Zelenski foi a Washington para salvar os destroços de suas relações com Trump e negociar um acordo concedendo a exploração das riquezas minerais ucranianas, em troca de mais armas e garantias de segurança num cessar-fogo com a Rússia. Saiu desmoralizado após um ritual de humilhação, sem acordo, nem garantias, sob o risco de ver o envio de armas dos EUA totalmente bloqueado, e com seu cargo ameaçado.
Trump já havia adiantado concessões à Rússia, negando a entrada da Ucrânia na Otan e admitindo a anexação dos territórios ocupados pela Rússia. O presidente russo, Vladimir Putin, quer ainda a desmilitarização da Ucrânia e um regime fantoche em Kiev. Em uma posição de vantagem no campo de batalha, ele tem agora ainda menos incentivos para fazer concessões, e está mais próximo do que nunca desses objetivos.

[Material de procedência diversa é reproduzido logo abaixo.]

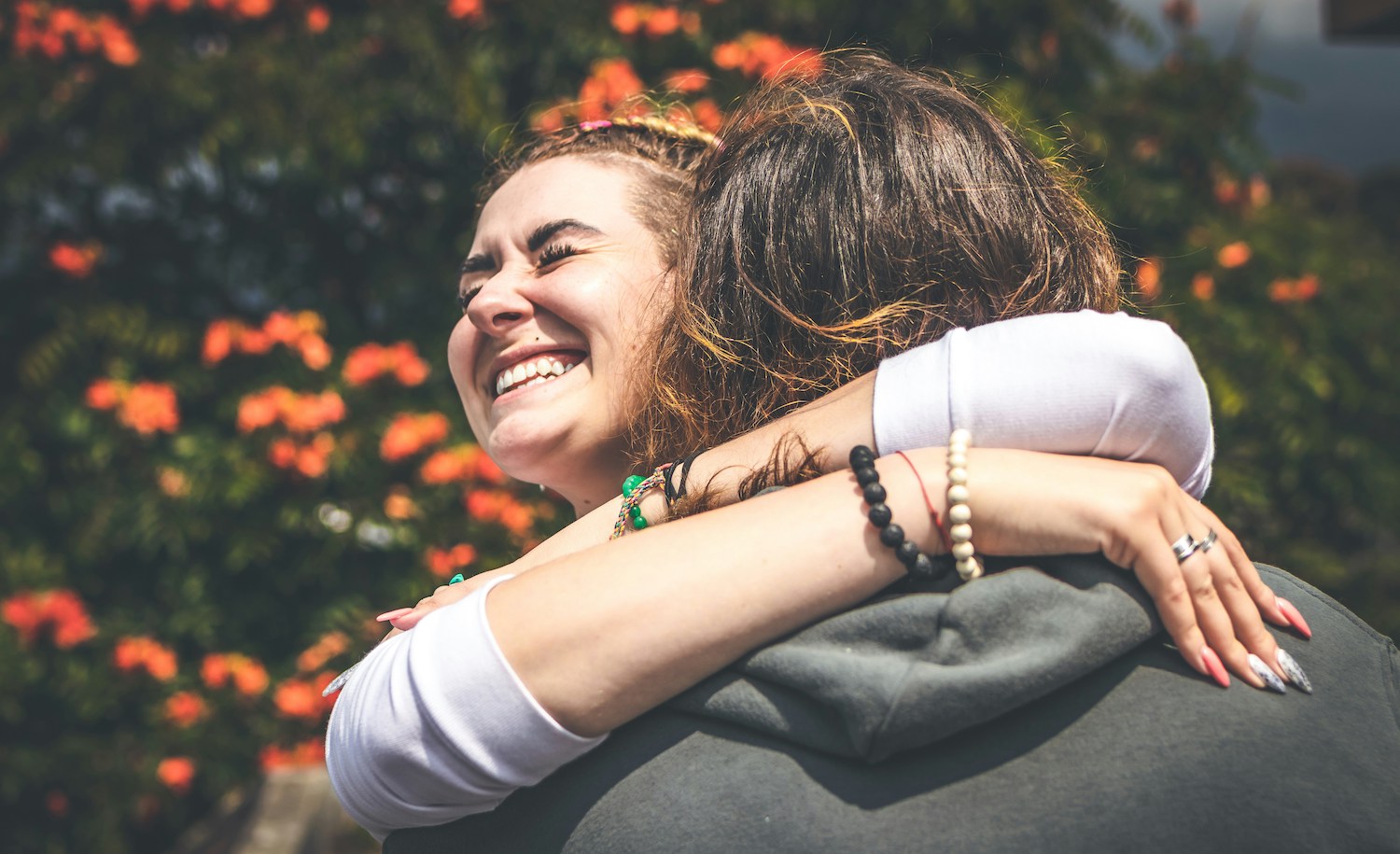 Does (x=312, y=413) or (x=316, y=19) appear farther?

Trump não dá a mínima para a soberania da Ucrânia – ela pode um dia “vir a ser russa”, disse recentemente – e entende que a defesa da Europa é um problema da Europa. Quanto à Rússia, até onde é possível visualizar uma estratégia, ele quer uma aproximação para enfraquecer os laços entre Moscou e Pequim. Mas Putin tem poucos incentivos para isso – e depois do entrevero no Salão Oval, ainda menos. A Rússia é profundamente dependente da China, e vantagens que os EUA possam oferecer farão pouco para mudar isso.
Recompensar a maior agressão territorial na Europa desde o fim da Segunda Guerra será um golpe duro na ordem internacional baseada em regras que assegurou uma paz frágil nas últimas oito décadas, e abrirá um precedente para Teerã ou Pequim avançarem em suas ambições sobre vizinhos mais fracos.
Os antecessores de Trump não promoveram a ordem internacional baseada em regras por mero idealismo ou altruísmo. Protegê-la impôs custos aos EUA e o livre comércio prejudicou algumas de suas indústrias. Mas esses ônus foram amplamente compensados por benefícios aos consumidores americanos e à indústria em geral, que pôde importar produtos mais baratos e exportar com segurança. Um mundo sem regras é muito mais favorável ao capitalismo de Estado chinês ou a oligarcas russos.
Zelenski estava certo ao questionar o vice-presidente J. D. Vance: sem garantias militares, não há por que esperar que a Rússia cumpra seus compromissos, como nunca cumpriu antes. Mas pior do que perder uma discussão com seu benfeitor é ganhar uma discussão com seu benfeitor – tanto pior se ele for um narcisista como Trump. O presidente americano estava certo também: o que aconteceu foi profundamente desrespeitoso à memória do Salão Oval e está em curso um jogo que põe o mundo em risco de uma terceira guerra. Só que o maior responsável por isso tudo é o próprio Trump. (Estadão Conteúdo)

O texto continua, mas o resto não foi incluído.